By default, the expansion can be triggered by any feature requested that falls outside of the shard boundaries.

Discriminate Expansion

Discriminate expansion can be enabled by using a DynamicAtlasPolicy that contains final Predicate<AtlasEntity> atlasEntitiesToConsiderForExpansion. When this is provided, every time the DynamicAtlas needs to check if a feature needs to trigger a shard expansion, it will do so only if that feature passes the atlasEntitiesToConsiderForExpansion predicate. For example, this is useful when a user is interested only in a certain type of roads, and expanding based on parks or lakes does not provide any more context.

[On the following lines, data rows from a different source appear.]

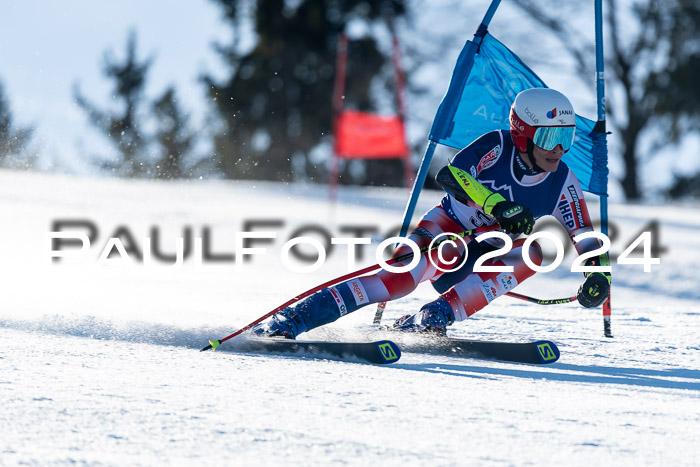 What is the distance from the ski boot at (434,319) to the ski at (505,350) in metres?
0.15

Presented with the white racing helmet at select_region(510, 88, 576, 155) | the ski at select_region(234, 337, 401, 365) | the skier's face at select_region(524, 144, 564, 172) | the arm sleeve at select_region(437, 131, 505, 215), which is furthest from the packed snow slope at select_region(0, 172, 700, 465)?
the white racing helmet at select_region(510, 88, 576, 155)

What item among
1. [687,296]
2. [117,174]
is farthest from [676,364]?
[117,174]

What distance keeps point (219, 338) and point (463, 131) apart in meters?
1.94

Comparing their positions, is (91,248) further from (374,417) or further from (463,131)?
(374,417)

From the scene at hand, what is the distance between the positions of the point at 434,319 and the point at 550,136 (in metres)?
0.98

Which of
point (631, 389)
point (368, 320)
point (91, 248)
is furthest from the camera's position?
point (91, 248)

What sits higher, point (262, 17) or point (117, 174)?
point (262, 17)

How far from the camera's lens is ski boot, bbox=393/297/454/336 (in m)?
4.28

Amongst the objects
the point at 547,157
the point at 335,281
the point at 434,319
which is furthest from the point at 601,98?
the point at 335,281

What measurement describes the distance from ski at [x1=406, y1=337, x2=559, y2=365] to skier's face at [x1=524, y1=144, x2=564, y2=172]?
85 centimetres

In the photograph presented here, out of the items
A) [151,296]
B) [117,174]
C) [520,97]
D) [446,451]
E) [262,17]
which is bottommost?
[446,451]

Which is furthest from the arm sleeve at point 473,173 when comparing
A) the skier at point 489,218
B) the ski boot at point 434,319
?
the ski boot at point 434,319

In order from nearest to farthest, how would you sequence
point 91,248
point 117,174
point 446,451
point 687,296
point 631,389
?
point 446,451
point 631,389
point 687,296
point 91,248
point 117,174

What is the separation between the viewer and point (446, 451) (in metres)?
2.38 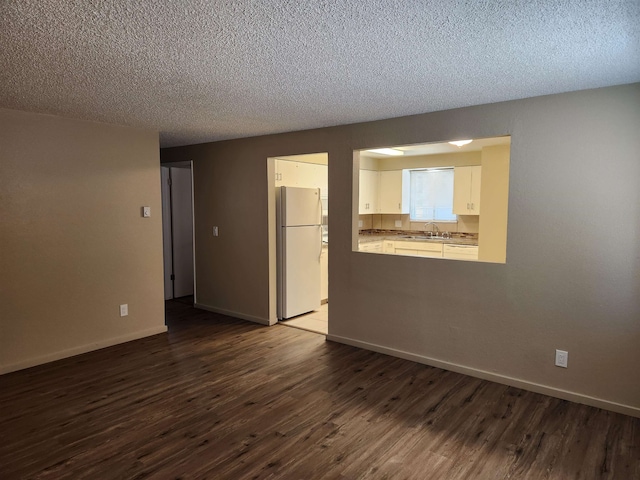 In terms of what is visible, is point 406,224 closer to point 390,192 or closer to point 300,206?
point 390,192

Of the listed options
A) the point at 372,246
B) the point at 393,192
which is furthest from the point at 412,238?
the point at 393,192

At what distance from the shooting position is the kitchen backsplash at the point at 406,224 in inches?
243

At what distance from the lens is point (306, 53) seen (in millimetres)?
2234

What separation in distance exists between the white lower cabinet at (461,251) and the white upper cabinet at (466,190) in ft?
1.78

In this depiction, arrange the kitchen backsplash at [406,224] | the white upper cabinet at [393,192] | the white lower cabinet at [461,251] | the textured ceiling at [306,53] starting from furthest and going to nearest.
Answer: the white upper cabinet at [393,192] → the kitchen backsplash at [406,224] → the white lower cabinet at [461,251] → the textured ceiling at [306,53]

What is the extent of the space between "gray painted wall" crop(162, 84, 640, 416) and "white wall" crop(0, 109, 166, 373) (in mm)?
1986

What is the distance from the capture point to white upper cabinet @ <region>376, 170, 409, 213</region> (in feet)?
21.5

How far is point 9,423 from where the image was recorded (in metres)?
2.79

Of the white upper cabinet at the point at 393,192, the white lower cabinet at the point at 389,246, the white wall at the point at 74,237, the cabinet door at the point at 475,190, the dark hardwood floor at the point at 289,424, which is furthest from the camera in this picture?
the white upper cabinet at the point at 393,192

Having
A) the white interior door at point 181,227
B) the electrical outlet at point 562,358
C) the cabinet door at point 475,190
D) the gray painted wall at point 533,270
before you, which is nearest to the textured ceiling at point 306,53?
the gray painted wall at point 533,270

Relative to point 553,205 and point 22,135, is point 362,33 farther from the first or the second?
point 22,135

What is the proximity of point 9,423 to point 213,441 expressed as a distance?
1442mm

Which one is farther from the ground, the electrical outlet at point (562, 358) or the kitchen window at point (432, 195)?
the kitchen window at point (432, 195)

Deferred and Preemptive Loading

When finite expansion is enabled (or indefinite expansion disabled), and deferred loading is true (DynamicAtlasPolicy.withDeferredLocaing(true);), there is an option to toggle preemptive loading: DynamicAtlas.preemptiveLoad();. No shard load will be triggered until preemptiveLoad is called.

This will ensure that all the shards needed will be pre-loaded once and for all. It also disables the "interception" of queries for features by the user, as the DynamicAtlas is already sure everything is properly loaded. This is the same as having an "intelligent" MultiAtlas that knows what shards the user needs based on each area of interest.